On Rockne's recommendation Leahy was hired as line coach at Georgetown University for the 1931 season. The spirited play of the Hoya line caught the eye of Jim Crowley, head coach of Michigan State, and in 1932 Leahy became the line coach for the Spartans. When Crowley went to Fordham as head coach the following year, Leahy went along and remained there for six years. Although unknown to fans during this period Leahy was gaining attention from the coaching fraternity because of his development of the "Seven Blocks of Granite. " Fordham's front line earned this sobriquet by winning all but two games in three seasons without the benefit of an outstanding backfield. One of its members, Vince Lombardi, went on to achieve even greater fame as the head coach of the Green Bay Packers.
Leahy burst into national prominence when he became head football coach at the perennially weak Boston College in 1939. In a miraculous turnaround B. C. defeated nineteen of twenty regular-season opponents in the next two years. Topping that were two bowl invitations. The high point was the epic 19-13 1941 Sugar Bowl victory over highly favored Tennessee. Frank Leahy returned to Notre Dame in 1941, but only after securing a release from a newly signed contract with a bitter Boston College. He considered his return a holy mission, a continuation of the quest begun by his old teacher; his teams would represent "Our Lady" in sacred combat.
After leading the Irish through its first undefeated season since Rockne's last year (1930), Leahy was voted coach of the year in 1941. Through constant innovation Leahy's teams continued to roll up the victories. He invented the "pocket" to protect his quarterback on pass plays. In 1942 he abandoned the Notre Dame box formation in favor of the T formation utilized by the professional Chicago Bears. This was heretical in the view of Notre Dame's staunch followers and was strongly criticized. Fortunately for Leahy he had two extremely gifted quarterbacks in Angelo Bertelli and Johnny Lujack and the transition was a success. For the 1946 season he had a thirty-foot-high tower constructed in the middle of the practice field complete with loudspeakers so that he could better oversee the various groups of players.
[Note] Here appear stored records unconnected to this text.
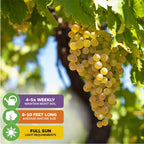 A cluster of Wellspring Gardens' Blanc du Bois Grape (Vitis labrusca) hangs from a sunlit vine. Icons show: water 4-5x weekly, grows 8-10 ft, needs full sun. Ideal for Southeastern U.S. winemaking.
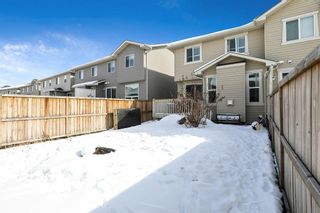 Photo 31: 9 Brightoncrest Grove SE in Calgary: New Brighton Semi Detached (Half Duplex) for sale : MLS®# A2032544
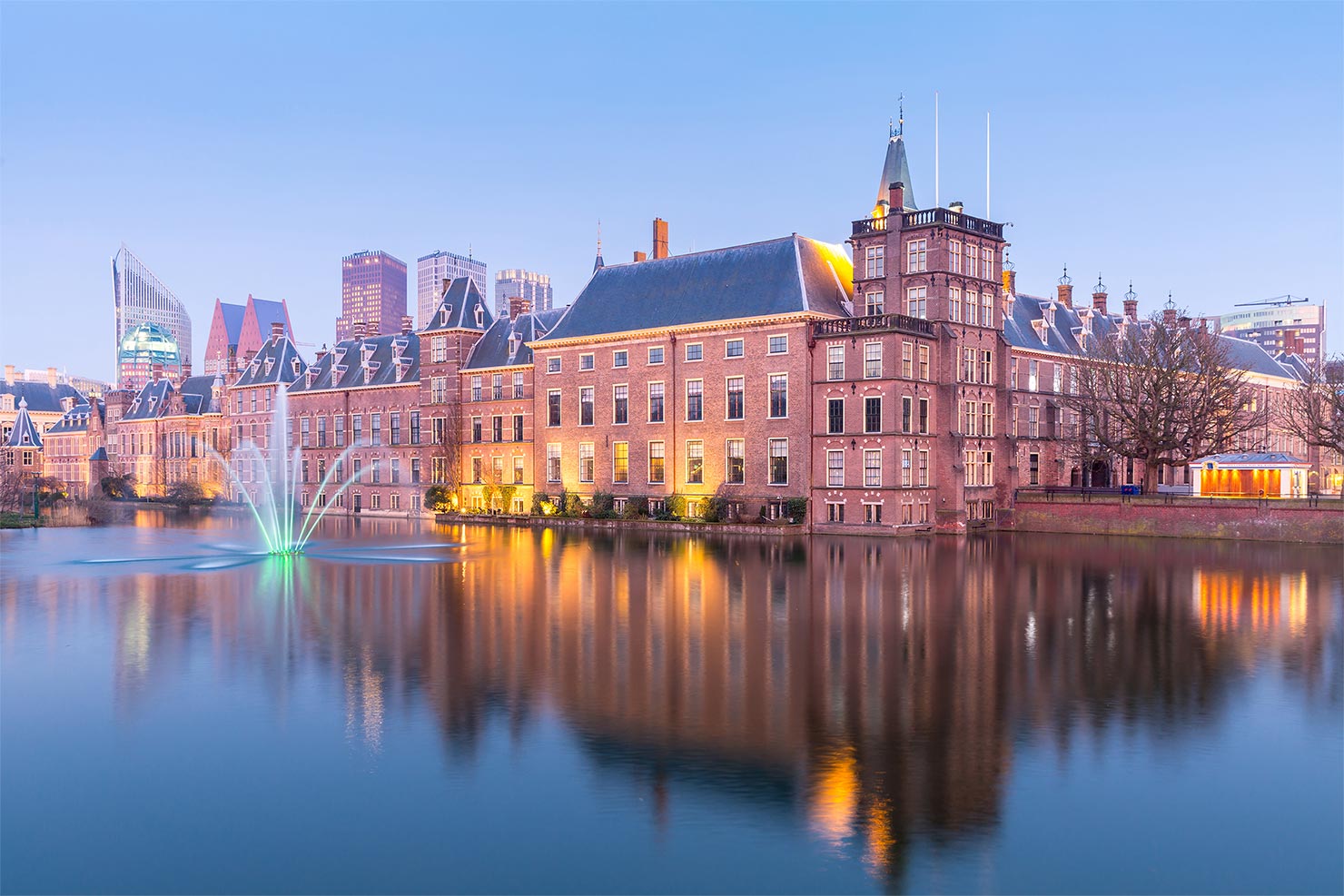 systeembeheer den haag wizzbit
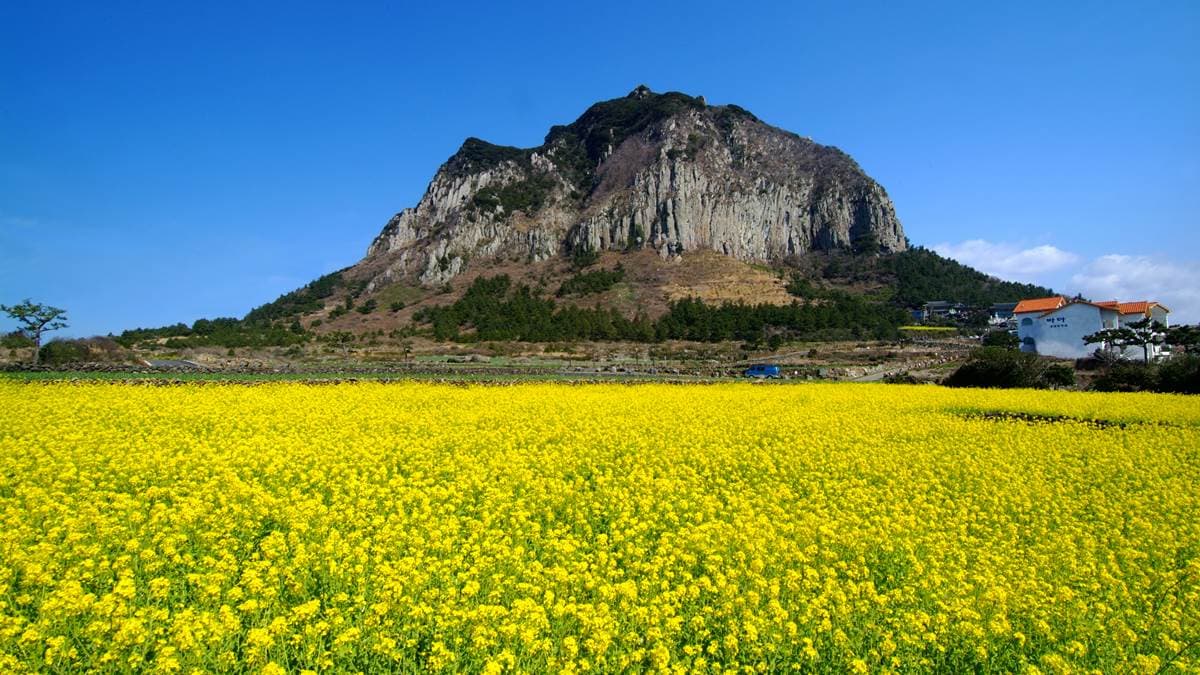 誰說春天只有櫻花開!獻上滿滿韓式「七彩花海」不漏勾 誰說春天只有櫻花開!獻上滿滿韓式「七彩花海」不漏勾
Leahy's coaching career was interrupted by World War II when he entered the navy in 1944 as a lieutenant commander in charge of recreation programs for submarine crews. Returning in 1946 he led the Fighting Irish to another undefeated season and the number one ranking in the country. Three more undefeated seasons followed before Notre Dame finally lost to Purdue in 1950 after thirty-nine consecutive unbeaten games, all against strong opponents. The next unbeaten season, 1953, proved to be most costly to Leahy. Physical exhaustion and emotional strain caused an attack of acute pancreatitis at halftime of the Georgia Tech game. Shortly after the end of the season Leahy resigned for health reasons.
Poor health was not the only reason for Leahy's resignation. For a number of years, some Notre Dame priests felt that football preeminence was tarnishing the university's fine academic reputation. In 1949 this faction was able to reduce the number of annual football scholarships, greatly distressing Leahy. His cause was further damaged by ethically questionable late-game tactics. Subterfuges helped to secure one victory and one tie. First there was the "sucker shift" (motion by offensive linemen inducing an offsides infraction by the opponents) against Southern California. Perhaps more devious was an infamous faked injury to stop the clock with Iowa leading Notre Dame, thereby gaining time to plan another play. While both of these stunts were standard football fare, scorn was heaped upon Leahy and Notre Dame for utilizing them. After his retirement, his business ventures met with indifferent success, although he was quite popular on the lecture circuit. He died in Portland, Oregon.
Achievements
In thirteen years Leahy recorded 107 wins, 13 losses, and 9 ties. He had seven undefeated seasons, four national champions, and produced four Heisman Trophy winners. In addition, he wrote two books: Notre Dame: The T Formation (1949) and Defensive Football (1951). In an age when the popularity of college football reigned supreme, Frank Leahy hobnobbed with Hollywood celebrities, corporate executives, and national politicians. In 1970 he was elected to the National Football Foundation Hall of Fame.